Gloria-Palast bei Nacht, um 1970

Der Gloria-Palast war ein bedeutendes Kino im Berliner Ortsteil Charlottenburg, Kurfürstendamm 10/10a, später Kurfürstendamm 12/13. Es bestand von 1925 bis zur Kriegszerstörung 1943 und nach dem Wiederaufbau von 1953 bis 1998. Danach musste das Kino anderen Nutzungen weichen, schließlich wurde das Gebäude im Jahr 2017 abgerissen.

Geschichte

Gloria-Palast im Romanischen Haus

Kaiser-Wilhelm-Gedächtniskirche und der erste Gloria-Palast (rechts), um 1940
Ruine des ersten Gloria-Palastes, Juli 1945 (Special Film Project 186)

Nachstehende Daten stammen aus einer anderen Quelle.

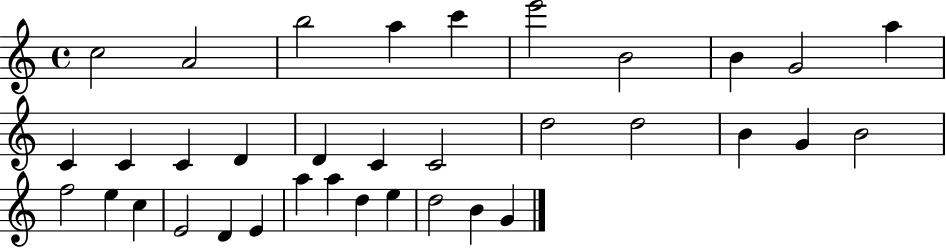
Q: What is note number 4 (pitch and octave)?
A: A5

Der neobarocke Kinosaal wurde 1924–1925 nach Planung der Berliner Architekten Ernst Lessing und Max Bremer in das erste bis dritte Obergeschoss des Ersten Romanischen Hauses eingebaut, das 1894–1896 nach Entwurf von Franz Schwechten entstanden war. Um die stilistisch auf die gegenüberliegende Kaiser-Wilhelm-Gedächtniskirche bezogene Fassade zu erhalten, wurde kein neues Gebäude errichtet, sondern das vorhandene entkernt sowie sein Innenhof überbaut. Das Kino war mit 1200 Sitzplätzen ausgestattet.

Der Gloria-Palast eröffnete am 26. Januar 1926 mit einer Pantomime von Frank Wedekind und Friedrich Wilhelm Murnaus Verfilmung von Molières Tartuffe. Im Jahr 1930 wurde im Gloria-Palast am 1. April der Film Der blaue Engel sowie am 15. August der Film Unter den Dächern von Paris von René Clair uraufgeführt.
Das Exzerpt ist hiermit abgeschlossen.